The results have been grouped ino the following four sections:
This section features a table providing a breakdown of the revenue generated by the listing, along with relevant deductions and overall expenses associated with operating the short-term rental.
The gross revenue is calculated using the revenue parameters set on the previous page. This value is obtained by multiplying the number of booked days by the average rate throughout the year.
The applicable deductions are computed using the parameters from the cost model and the depreciation model. Deductible expenses include yearly interest on the loan, turnover fees, rental management fee (if applicable), utilities, HOA/community fees, property tax, supplies, maintenance, other expenses related to running the short-term rental, Airbnb commission, accounting, home insurance, PMI (if applicable), internet, and depreciation (straight-line method).
We will briefly explore in the overall expenses section how this value was calculated.
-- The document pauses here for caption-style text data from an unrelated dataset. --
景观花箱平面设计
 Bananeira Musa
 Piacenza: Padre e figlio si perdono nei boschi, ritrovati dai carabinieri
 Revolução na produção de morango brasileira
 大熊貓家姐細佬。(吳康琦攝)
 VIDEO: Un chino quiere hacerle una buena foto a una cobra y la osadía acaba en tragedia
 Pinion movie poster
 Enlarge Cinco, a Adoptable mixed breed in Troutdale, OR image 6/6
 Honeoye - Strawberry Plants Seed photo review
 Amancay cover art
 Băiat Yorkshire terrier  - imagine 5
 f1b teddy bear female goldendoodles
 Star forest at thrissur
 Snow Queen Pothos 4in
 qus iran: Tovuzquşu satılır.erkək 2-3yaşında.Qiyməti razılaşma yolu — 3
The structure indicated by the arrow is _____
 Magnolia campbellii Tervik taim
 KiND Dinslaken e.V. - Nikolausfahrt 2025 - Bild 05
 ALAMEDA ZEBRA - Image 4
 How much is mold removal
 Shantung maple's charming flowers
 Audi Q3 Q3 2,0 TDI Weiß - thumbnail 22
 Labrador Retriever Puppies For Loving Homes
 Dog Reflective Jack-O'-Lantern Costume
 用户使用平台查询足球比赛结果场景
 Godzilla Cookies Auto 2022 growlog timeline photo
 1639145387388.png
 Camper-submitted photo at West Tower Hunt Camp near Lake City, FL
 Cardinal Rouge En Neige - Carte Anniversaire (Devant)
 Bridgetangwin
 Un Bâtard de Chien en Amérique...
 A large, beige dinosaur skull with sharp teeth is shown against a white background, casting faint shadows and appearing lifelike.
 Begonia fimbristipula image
Finally, we have the net revenue before tax. Since the income tax amount depends on various factors, it is advisable to consult with your legal advisor to determine whether you can deduct expenses from the taxable base and to confirm the actual tax brackets based on your personal circumstances.
This section provides several values related to the financing of the property. While most values are self-explanatory, we’ll focus on three key figures:
This value is derived from the purchase price and loan-to-value parameters.
This figure represents the total annual amount you must repay, encompassing both interest and principal. It assumes a fixed interest rate.
This value encompasses the fees, taxes, and expenses associated with the acquisition of a property.
This table contains values from the costing model in the previous page. Again, most of the values are self explanatory, altough we will make an emphasis on the following ones:
This value corresponds to the amount outlined in the mortgage details section.
This value is derived by multiplying the total number of bookings by the turnover cost established in the previous page.
This value is calculated by multiplying the number of bookings by the cost of supplies per booking, as set on the previous page.
This is the commission charged by Airbnb for listing your property on their platform.
This value represents the private mortgage insurance, calculated as a percentage of the loan amount.
This value is the fee payable to the rental management company for handling the rentals throughout the entire year. It is calculated based on a percentage of the gross revenue.
Finally, we have the total annual expenses value, which is the sum of all expenses listed in the table.
At the bottom right of the page, you'll find a graphical representation of the various expenses incurred on a yearly basis.
This section highlights key values from the financial case. These include:
Calculated by subtracting overall expenses incurred during the year from the gross revenue. Note that if the value is within brackets, the net revenue before tax is negative.
This percentage is the Cash-on-Cash return (before income tax) from operating the short-term rental during one year. This value is calculated by dividing the net revenue before tax by the cash required, which is equal to the sum of the deposit, the closing costs, and the renovation costs.
As mentioned earlier, this is the sum of the closing costs, renovation, and the deposit for the loan.
This figure represents the Return on Investment (ROI) calculated by dividing the annual net revenue by the total cost of the investment, which includes the purchase price, closing costs, and renovation costs.